- **EXERCISE GOAL**:
Below are records to reproduce in full; copy them exactly but keep the pictures out.

· · · ·

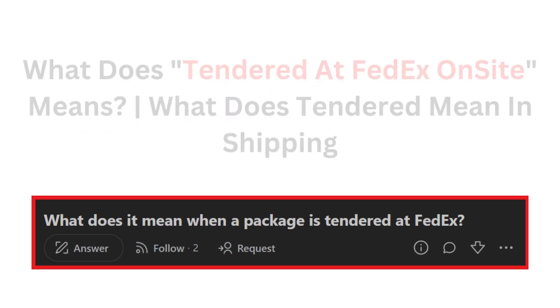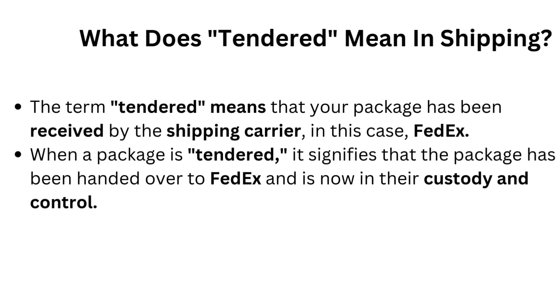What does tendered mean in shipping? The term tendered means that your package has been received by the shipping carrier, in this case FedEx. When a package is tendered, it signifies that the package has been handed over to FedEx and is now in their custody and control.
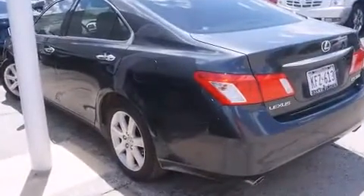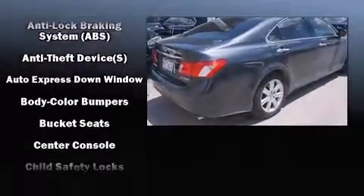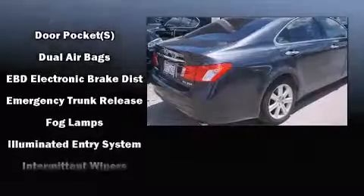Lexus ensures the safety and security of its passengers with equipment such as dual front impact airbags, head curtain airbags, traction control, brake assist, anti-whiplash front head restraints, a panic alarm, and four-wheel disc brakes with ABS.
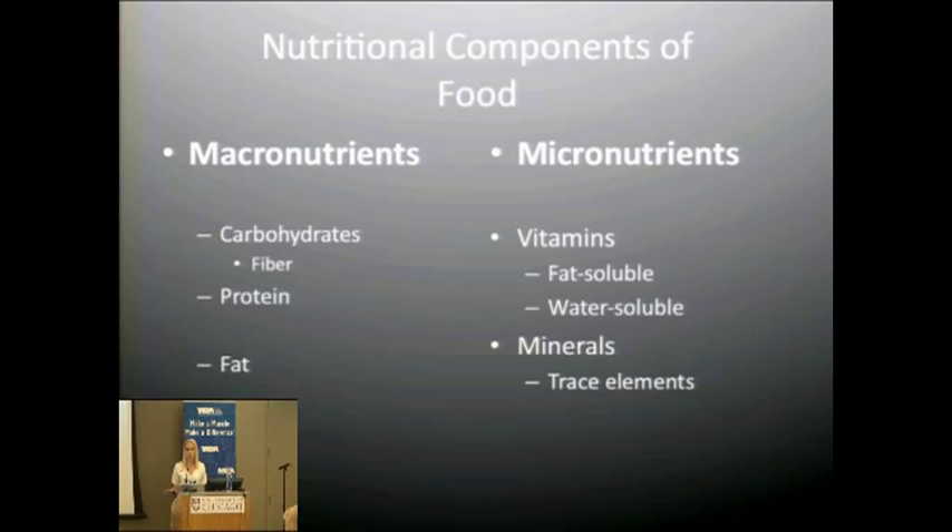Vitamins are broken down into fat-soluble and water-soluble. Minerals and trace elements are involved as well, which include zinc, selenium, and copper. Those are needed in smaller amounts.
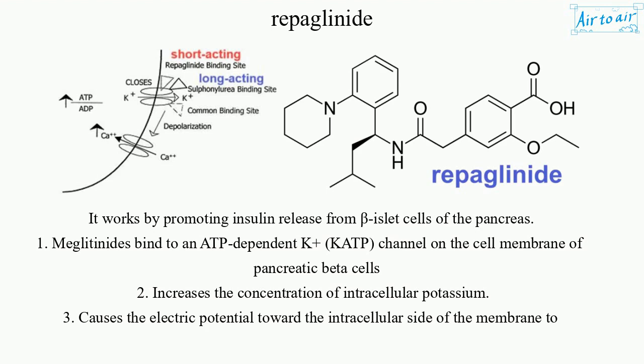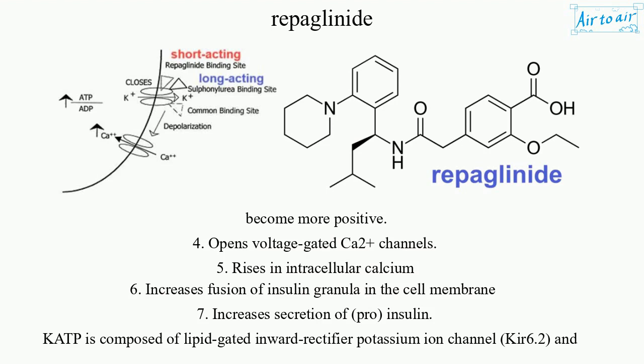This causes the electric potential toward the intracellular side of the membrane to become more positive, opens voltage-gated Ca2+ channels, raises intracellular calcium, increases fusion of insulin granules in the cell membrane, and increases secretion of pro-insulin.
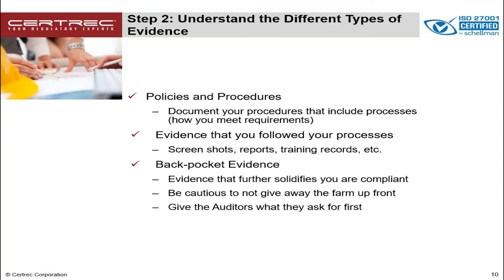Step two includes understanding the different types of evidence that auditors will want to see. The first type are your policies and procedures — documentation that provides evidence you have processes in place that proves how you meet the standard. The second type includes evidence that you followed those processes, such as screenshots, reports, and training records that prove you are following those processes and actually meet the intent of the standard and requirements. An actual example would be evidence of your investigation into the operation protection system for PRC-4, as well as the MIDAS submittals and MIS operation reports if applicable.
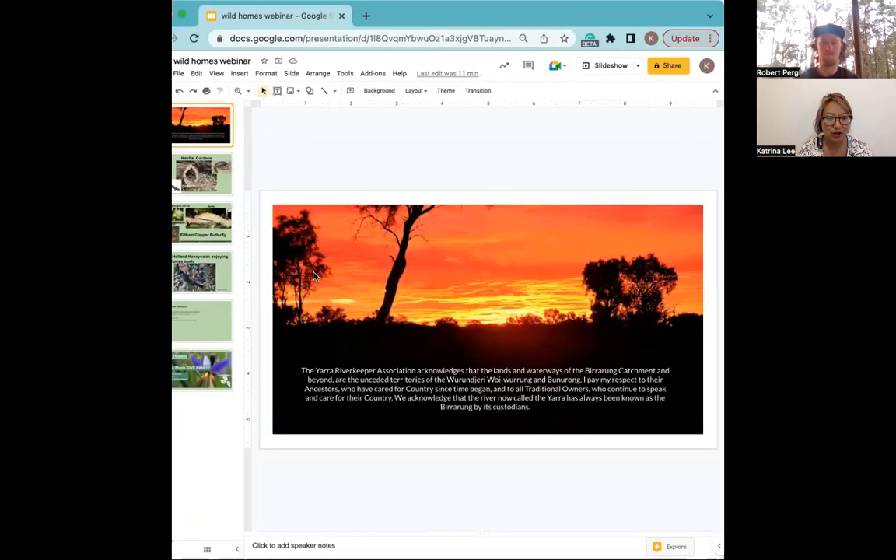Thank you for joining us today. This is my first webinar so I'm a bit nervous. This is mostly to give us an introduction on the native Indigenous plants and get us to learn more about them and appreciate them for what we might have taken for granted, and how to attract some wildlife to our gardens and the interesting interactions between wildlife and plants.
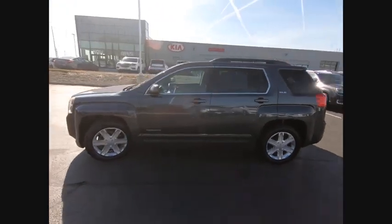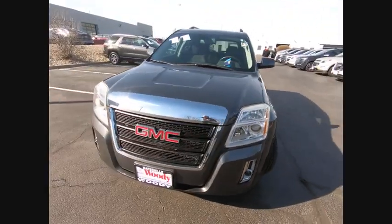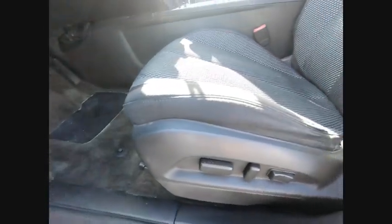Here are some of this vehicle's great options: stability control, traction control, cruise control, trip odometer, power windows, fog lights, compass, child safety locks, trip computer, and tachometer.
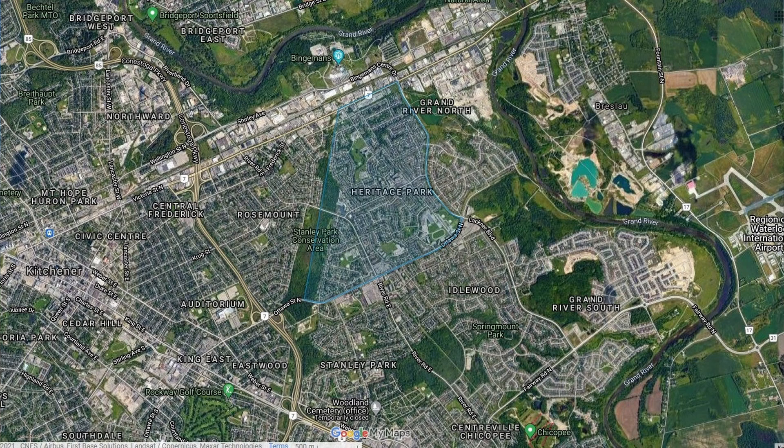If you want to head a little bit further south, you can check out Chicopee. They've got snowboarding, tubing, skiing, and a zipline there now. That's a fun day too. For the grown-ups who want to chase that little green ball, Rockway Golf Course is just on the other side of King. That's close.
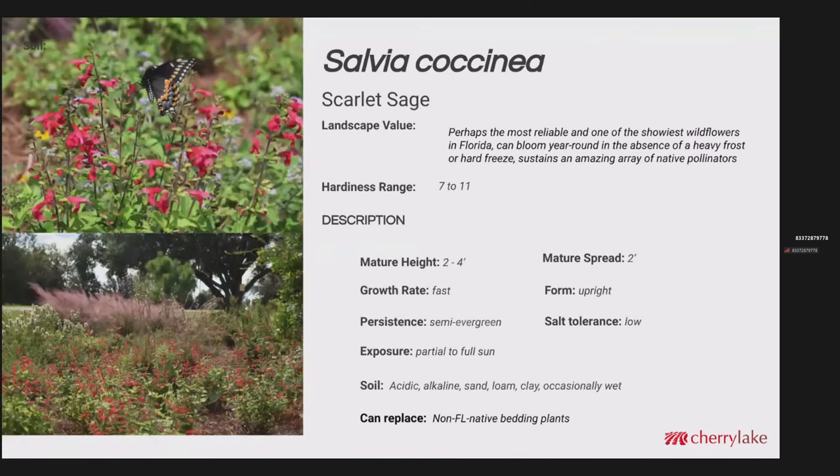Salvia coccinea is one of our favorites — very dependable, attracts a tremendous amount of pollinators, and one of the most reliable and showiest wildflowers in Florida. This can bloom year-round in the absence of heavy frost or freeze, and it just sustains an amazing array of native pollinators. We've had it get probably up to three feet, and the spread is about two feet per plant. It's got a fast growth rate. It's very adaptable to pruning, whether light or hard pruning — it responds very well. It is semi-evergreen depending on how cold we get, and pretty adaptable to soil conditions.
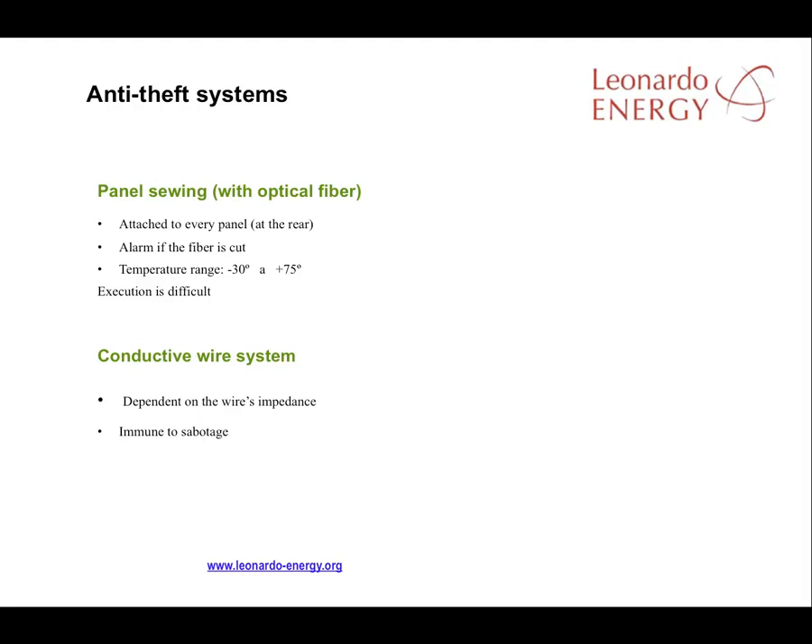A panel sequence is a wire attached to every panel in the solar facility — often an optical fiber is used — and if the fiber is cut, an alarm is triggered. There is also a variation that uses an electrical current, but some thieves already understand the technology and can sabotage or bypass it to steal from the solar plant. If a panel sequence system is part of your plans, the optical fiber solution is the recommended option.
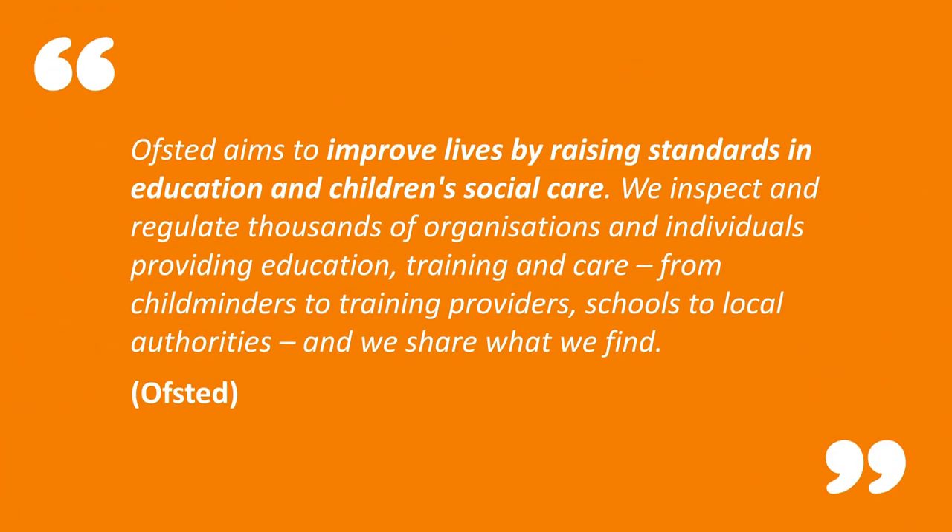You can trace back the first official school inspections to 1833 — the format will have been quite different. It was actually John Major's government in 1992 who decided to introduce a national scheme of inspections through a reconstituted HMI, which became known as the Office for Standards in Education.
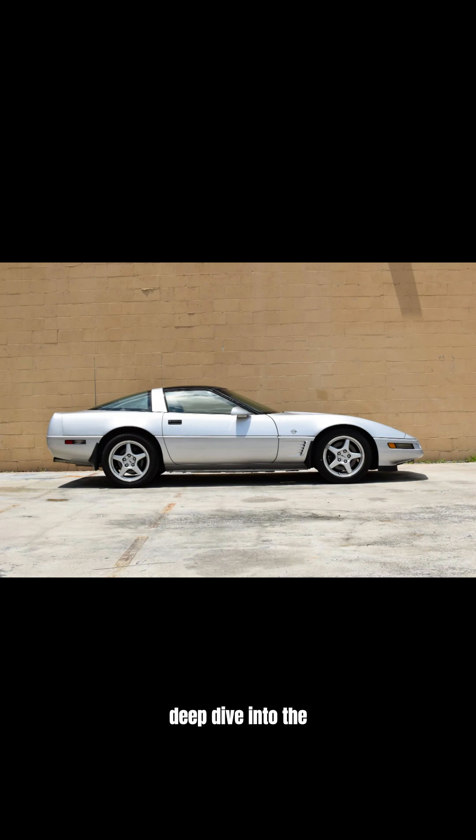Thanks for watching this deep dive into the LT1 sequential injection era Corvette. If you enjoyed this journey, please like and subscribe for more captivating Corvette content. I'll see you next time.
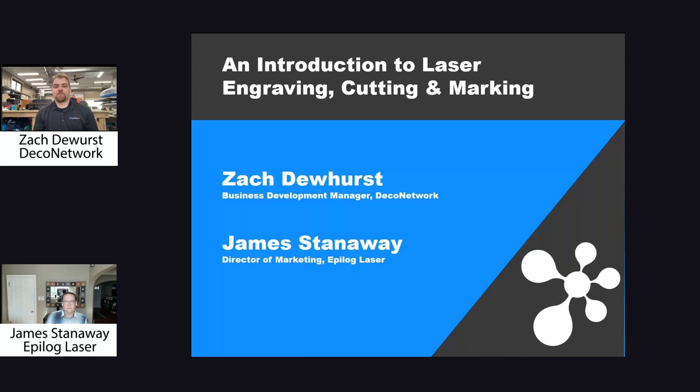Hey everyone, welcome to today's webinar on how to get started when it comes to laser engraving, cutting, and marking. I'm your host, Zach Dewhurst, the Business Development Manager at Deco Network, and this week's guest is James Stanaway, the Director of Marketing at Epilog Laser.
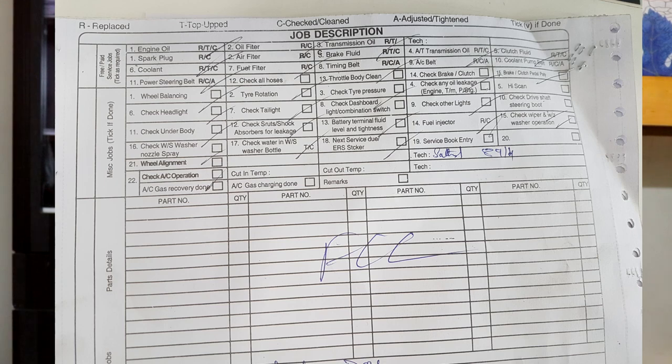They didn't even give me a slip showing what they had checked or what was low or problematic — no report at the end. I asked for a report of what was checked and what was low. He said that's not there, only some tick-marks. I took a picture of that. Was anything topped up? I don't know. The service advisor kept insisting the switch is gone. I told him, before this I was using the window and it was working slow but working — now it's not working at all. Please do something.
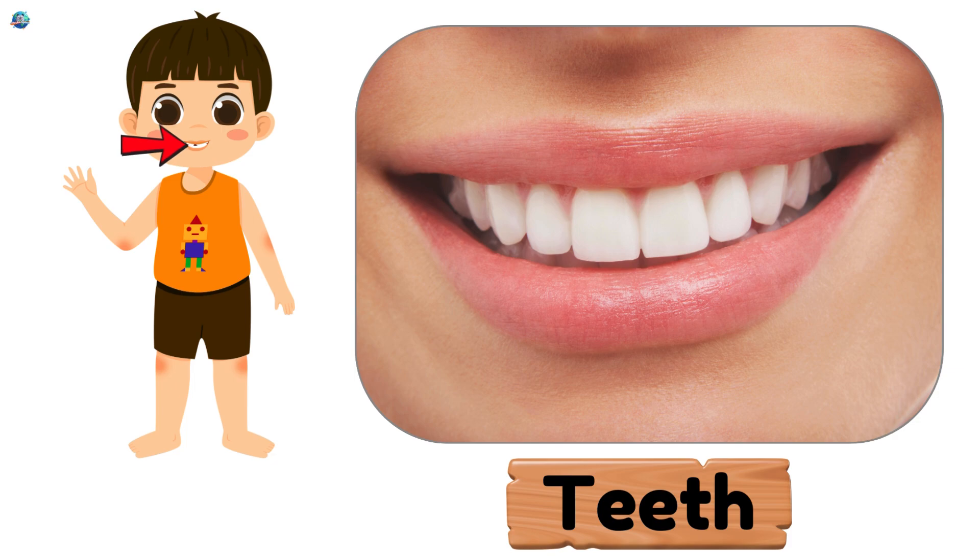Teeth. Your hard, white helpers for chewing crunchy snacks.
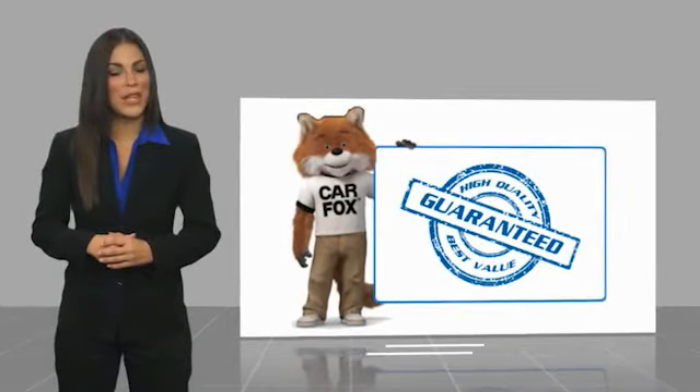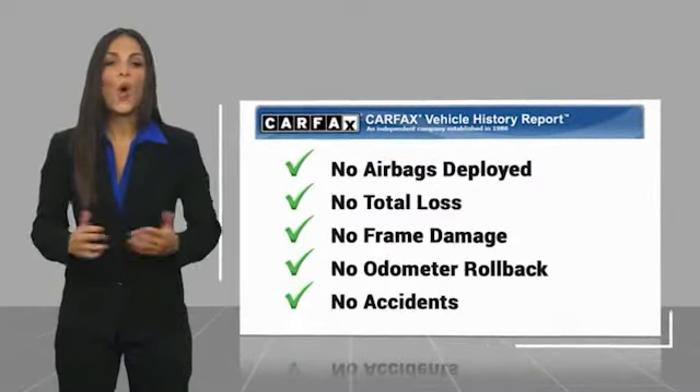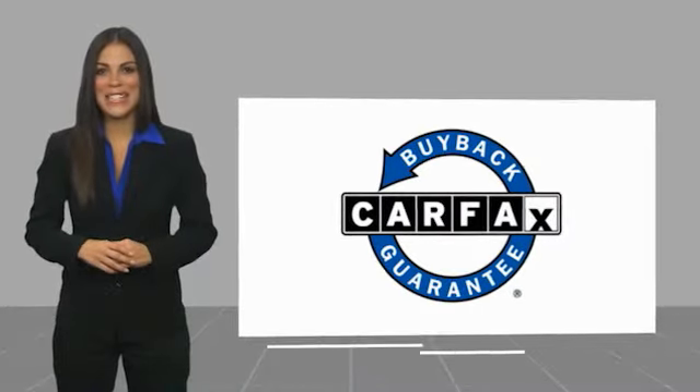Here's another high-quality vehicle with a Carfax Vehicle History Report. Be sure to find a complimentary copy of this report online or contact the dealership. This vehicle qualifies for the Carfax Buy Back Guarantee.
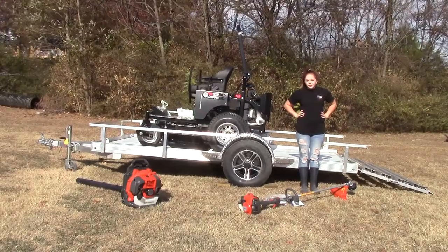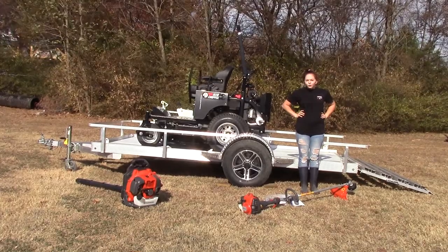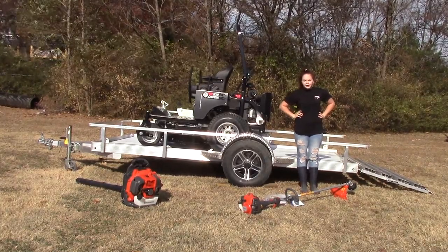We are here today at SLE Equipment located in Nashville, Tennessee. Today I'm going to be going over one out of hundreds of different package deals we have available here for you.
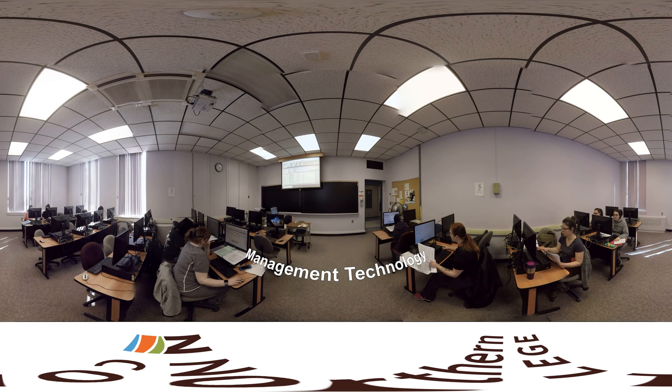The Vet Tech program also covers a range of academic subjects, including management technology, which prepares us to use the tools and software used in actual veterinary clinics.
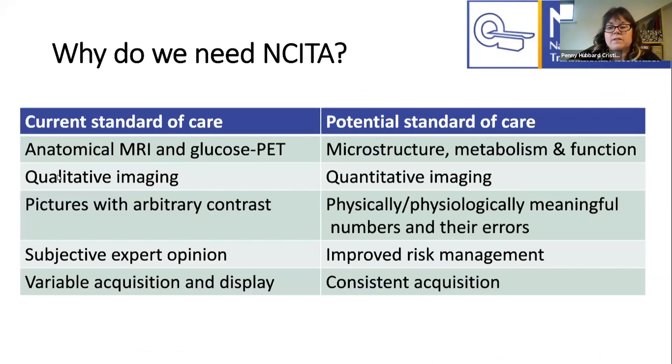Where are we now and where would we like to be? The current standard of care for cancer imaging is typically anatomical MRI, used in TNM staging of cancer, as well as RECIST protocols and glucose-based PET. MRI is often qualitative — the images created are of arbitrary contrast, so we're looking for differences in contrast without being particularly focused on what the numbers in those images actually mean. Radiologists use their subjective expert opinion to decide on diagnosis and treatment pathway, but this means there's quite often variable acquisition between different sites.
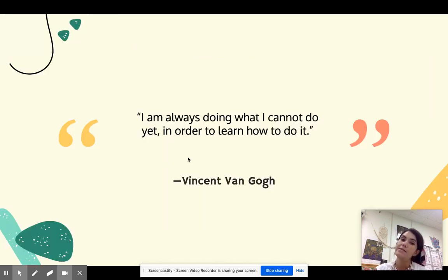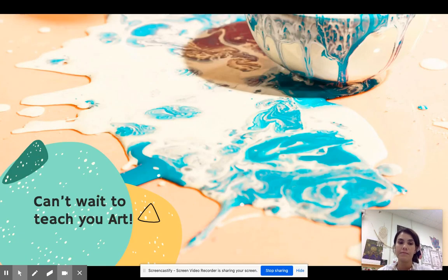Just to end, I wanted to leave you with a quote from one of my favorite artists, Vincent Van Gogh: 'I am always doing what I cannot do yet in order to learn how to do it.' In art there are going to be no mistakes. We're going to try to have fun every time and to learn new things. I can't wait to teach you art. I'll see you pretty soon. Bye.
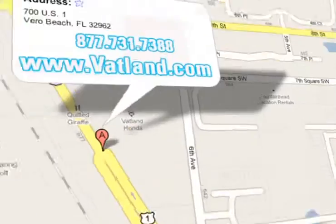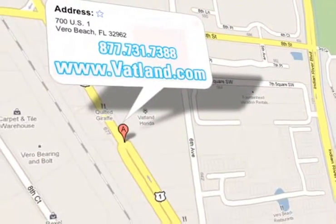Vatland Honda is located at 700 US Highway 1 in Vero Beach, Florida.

· · · ·

- **FINISHED TASK**:
What does tendered mean in shipping? The term tendered means that your package has been received by the shipping carrier, in this case FedEx. When a package is tendered, it signifies that the package has been handed over to FedEx and is now in their custody and control.
Lexus ensures the safety and security of its passengers with equipment such as dual front impact airbags, head curtain airbags, traction control, brake assist, anti-whiplash front head restraints, a panic alarm, and four-wheel disc brakes with ABS.
Vitamins are broken down into fat-soluble and water-soluble. Minerals and trace elements are involved as well, which include zinc, selenium, and copper. Those are needed in smaller amounts.
This causes the electric potential toward the intracellular side of the membrane to become more positive, opens voltage-gated Ca2+ channels, raises intracellular calcium, increases fusion of insulin granules in the cell membrane, and increases secretion of pro-insulin.
Step two includes understanding the different types of evidence that auditors will want to see. The first type are your policies and procedures — documentation that provides evidence you have processes in place that proves how you meet the standard. The second type includes evidence that you followed those processes, such as screenshots, reports, and training records that prove you are following those processes and actually meet the intent of the standard and requirements. An actual example would be evidence of your investigation into the operation protection system for PRC-4, as well as the MIDAS submittals and MIS operation reports if applicable.
Thank you for joining us today. This is my first webinar so I'm a bit nervous. This is mostly to give us an introduction on the native Indigenous plants and get us to learn more about them and appreciate them for what we might have taken for granted, and how to attract some wildlife to our gardens and the interesting interactions between wildlife and plants.
Here are some of this vehicle's great options: stability control, traction control, cruise control, trip odometer, power windows, fog lights, compass, child safety locks, trip computer, and tachometer.
If you want to head a little bit further south, you can check out Chicopee. They've got snowboarding, tubing, skiing, and a zipline there now. That's a fun day too. For the grown-ups who want to chase that little green ball, Rockway Golf Course is just on the other side of King. That's close.
Salvia coccinea is one of our favorites — very dependable, attracts a tremendous amount of pollinators, and one of the most reliable and showiest wildflowers in Florida. This can bloom year-round in the absence of heavy frost or freeze, and it just sustains an amazing array of native pollinators. We've had it get probably up to three feet, and the spread is about two feet per plant. It's got a fast growth rate. It's very adaptable to pruning, whether light or hard pruning — it responds very well. It is semi-evergreen depending on how cold we get, and pretty adaptable to soil conditions.
A panel sequence is a wire attached to every panel in the solar facility — often an optical fiber is used — and if the fiber is cut, an alarm is triggered. There is also a variation that uses an electrical current, but some thieves already understand the technology and can sabotage or bypass it to steal from the solar plant. If a panel sequence system is part of your plans, the optical fiber solution is the recommended option.
You can trace back the first official school inspections to 1833 — the format will have been quite different. It was actually John Major's government in 1992 who decided to introduce a national scheme of inspections through a reconstituted HMI, which became known as the Office for Standards in Education.
Thanks for watching this deep dive into the LT1 sequential injection era Corvette. If you enjoyed this journey, please like and subscribe for more captivating Corvette content. I'll see you next time.
Hey everyone, welcome to today's webinar on how to get started when it comes to laser engraving, cutting, and marking. I'm your host, Zach Dewhurst, the Business Development Manager at Deco Network, and this week's guest is James Stanaway, the Director of Marketing at Epilog Laser.
They didn't even give me a slip showing what they had checked or what was low or problematic — no report at the end. I asked for a report of what was checked and what was low. He said that's not there, only some tick-marks. I took a picture of that. Was anything topped up? I don't know. The service advisor kept insisting the switch is gone. I told him, before this I was using the window and it was working slow but working — now it's not working at all. Please do something.
Teeth. Your hard, white helpers for chewing crunchy snacks.
Here's another high-quality vehicle with a Carfax Vehicle History Report. Be sure to find a complimentary copy of this report online or contact the dealership. This vehicle qualifies for the Carfax Buy Back Guarantee.
We are here today at SLE Equipment located in Nashville, Tennessee. Today I'm going to be going over one out of hundreds of different package deals we have available here for you.
The Vet Tech program also covers a range of academic subjects, including management technology, which prepares us to use the tools and software used in actual veterinary clinics.
Where are we now and where would we like to be? The current standard of care for cancer imaging is typically anatomical MRI, used in TNM staging of cancer, as well as RECIST protocols and glucose-based PET. MRI is often qualitative — the images created are of arbitrary contrast, so we're looking for differences in contrast without being particularly focused on what the numbers in those images actually mean. Radiologists use their subjective expert opinion to decide on diagnosis and treatment pathway, but this means there's quite often variable acquisition between different sites.
Just to end, I wanted to leave you with a quote from one of my favorite artists, Vincent Van Gogh: 'I am always doing what I cannot do yet in order to learn how to do it.' In art there are going to be no mistakes. We're going to try to have fun every time and to learn new things. I can't wait to teach you art. I'll see you pretty soon. Bye.
Vatland Honda is located at 700 US Highway 1 in Vero Beach, Florida.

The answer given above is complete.